HAV is a short-term disease. Only a small percentage of individuals with acute HAV infection progress to fulminant hepatic failure. Furthermore, the HAV vaccination provides nearly complete protection. There is a rare relapsing-remitting form of HAV that resolves spontaneously within a year and requires no intervention other than supportive care.
Acute HBV infection has less than a 1% probability of resulting in acute liver failure. Older persons, those with previous liver disease, and the immunocompromised are more likely to develop a serious infection than others. Furthermore, less than 5% of immunocompetent persons will become chronic carriers, lowering the risk of cirrhosis and hepatocellular cancer. Vaccination has resulted in a considerable reduction in disease burden.
The likelihood of seroconversion to chronic hepatitis C infection is estimated to be between 75% and 85%. As a result, there is a substantially increased chance of developing cirrhosis and hepatocellular cancer. However, with the introduction of DAAs, more than 90% of chronic HCV infected individuals can achieve persistent viral clearance.
In individuals with chronic hepatitis B, HDV coinfection and superinfection hastens the development to cirrhosis. Vaccination aids in the prevention of superinfection.
In immunocompetent people, HEV generally causes a brief sickness. Individual immunocompromised persons, including those with solid organ transplants, positive HIV status, and those with leukemia and lymphoma, can develop persistent viremia, chronic hepatitis, liver fibrosis, and cirrhosis.

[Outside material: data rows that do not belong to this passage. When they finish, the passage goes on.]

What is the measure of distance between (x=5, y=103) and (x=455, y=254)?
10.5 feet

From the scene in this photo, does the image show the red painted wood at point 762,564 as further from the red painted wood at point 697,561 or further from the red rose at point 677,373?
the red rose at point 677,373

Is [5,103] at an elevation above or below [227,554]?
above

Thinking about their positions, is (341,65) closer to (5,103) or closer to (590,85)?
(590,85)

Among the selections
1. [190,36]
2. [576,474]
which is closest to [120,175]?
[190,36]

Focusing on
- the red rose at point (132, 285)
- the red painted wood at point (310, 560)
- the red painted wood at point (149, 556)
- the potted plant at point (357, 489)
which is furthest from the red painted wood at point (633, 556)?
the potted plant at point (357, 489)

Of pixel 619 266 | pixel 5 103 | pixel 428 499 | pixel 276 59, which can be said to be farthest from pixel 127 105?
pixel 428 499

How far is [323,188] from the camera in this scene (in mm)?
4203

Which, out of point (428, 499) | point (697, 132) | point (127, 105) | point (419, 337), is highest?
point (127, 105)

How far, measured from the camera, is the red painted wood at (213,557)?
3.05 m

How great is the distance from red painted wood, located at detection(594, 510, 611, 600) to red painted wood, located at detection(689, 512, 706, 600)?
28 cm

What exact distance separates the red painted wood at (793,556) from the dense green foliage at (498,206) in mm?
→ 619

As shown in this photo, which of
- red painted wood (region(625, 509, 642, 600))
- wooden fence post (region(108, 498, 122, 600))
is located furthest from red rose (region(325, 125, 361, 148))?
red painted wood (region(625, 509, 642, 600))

Viral Hepatitis Complications
Chronic infection with chronic active hepatitis, acute or subacute hepatic necrosis, cirrhosis, liver failure, and hepatocellular cancer in people with hepatitis B or C infection are all complications of viral hepatitis. Patients infected with hepatitis B are at a significant risk of acquiring chronic infection. Patients are also at high risk of developing hepatocellular carcinoma, which accounts for 45 percent of all primary liver cancer cases globally.
Approximately 1% of patients may suffer fulminant hepatic failure, with a death rate of approximately 80%. About 75 to 85 percent of people who become infected with hepatitis C acquire chronic infection, and about 20 percent develop cirrhosis and, finally, hepatocellular cancer. Cirrhosis caused by hepatitis C is the major cause of liver transplantation in the United States.

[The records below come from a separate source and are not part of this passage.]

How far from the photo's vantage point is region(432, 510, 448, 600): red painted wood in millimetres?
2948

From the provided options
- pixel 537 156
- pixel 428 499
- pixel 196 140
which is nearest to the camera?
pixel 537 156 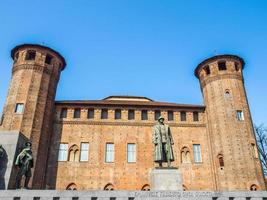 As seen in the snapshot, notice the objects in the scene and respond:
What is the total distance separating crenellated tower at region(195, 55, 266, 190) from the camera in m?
23.2

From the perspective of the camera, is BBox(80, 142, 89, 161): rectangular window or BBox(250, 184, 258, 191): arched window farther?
BBox(80, 142, 89, 161): rectangular window

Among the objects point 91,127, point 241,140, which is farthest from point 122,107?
point 241,140

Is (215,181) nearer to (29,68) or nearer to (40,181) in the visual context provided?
(40,181)

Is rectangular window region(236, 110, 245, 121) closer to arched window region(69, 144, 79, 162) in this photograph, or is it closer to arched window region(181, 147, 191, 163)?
arched window region(181, 147, 191, 163)

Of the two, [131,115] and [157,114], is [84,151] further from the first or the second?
[157,114]

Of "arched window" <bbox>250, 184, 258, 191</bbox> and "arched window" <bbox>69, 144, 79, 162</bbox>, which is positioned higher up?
"arched window" <bbox>69, 144, 79, 162</bbox>

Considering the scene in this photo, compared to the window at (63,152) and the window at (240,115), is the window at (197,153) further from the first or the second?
the window at (63,152)

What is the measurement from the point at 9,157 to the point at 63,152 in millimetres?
11887

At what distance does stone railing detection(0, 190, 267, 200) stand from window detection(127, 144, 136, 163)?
49.3 feet

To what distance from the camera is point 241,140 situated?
24.4 metres

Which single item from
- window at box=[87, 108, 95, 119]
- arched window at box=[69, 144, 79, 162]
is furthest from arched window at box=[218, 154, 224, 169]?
→ arched window at box=[69, 144, 79, 162]

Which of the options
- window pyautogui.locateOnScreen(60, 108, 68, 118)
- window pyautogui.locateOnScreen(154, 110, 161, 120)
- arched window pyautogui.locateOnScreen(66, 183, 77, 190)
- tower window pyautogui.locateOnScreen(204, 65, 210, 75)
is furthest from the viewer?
tower window pyautogui.locateOnScreen(204, 65, 210, 75)

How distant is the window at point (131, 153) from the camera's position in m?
25.2

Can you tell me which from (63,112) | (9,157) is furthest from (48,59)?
(9,157) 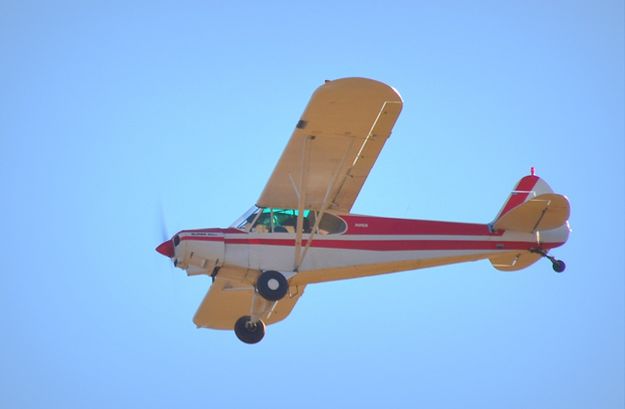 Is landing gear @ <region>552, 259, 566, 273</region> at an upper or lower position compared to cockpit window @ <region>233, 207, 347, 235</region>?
lower

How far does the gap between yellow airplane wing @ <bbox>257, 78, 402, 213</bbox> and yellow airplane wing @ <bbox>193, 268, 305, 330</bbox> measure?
182cm

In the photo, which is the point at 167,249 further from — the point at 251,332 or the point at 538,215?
the point at 538,215

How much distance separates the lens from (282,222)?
56.2 ft

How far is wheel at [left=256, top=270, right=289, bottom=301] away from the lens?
54.2 ft

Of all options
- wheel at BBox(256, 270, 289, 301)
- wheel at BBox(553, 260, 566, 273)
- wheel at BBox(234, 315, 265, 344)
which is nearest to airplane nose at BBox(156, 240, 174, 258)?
wheel at BBox(256, 270, 289, 301)

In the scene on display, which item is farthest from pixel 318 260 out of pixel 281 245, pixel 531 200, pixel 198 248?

Cirrhosis can lead to a variety of consequences, including hepatic encephalopathy, portal hypertension, ascites, spontaneous bacterial peritonitis, variceal hemorrhage, hepatorenal syndrome, and others. Patients with chronic hepatitis C are at a high risk of developing extrahepatic complications such as cryoglobulinemia, which can cause rash, vasculitis, and glomerulonephritis due to immune complex deposition in small vessels, non-Hodgkin lymphoma, focal lymphocytic sialadenitis, autoimmune thyroiditis, porphyria cutanea tarda, lichen planus, and others.
Viral hepatitis is an illness that causes inflammation and damage to the liver. Inflammation is the swelling that happens when bodily tissues are harmed or diseased. Organs can be damaged by inflammation. The five unrelated hepatotropic viruses hepatitis A, B, C, D, and E are the most prevalent causes of viral hepatitis. Other viruses, such as cytomegalovirus, Epstein-Barr virus, and yellow fever, can also induce liver inflammation. There have also been several cases of viral hepatitis caused by the herpes simplex virus.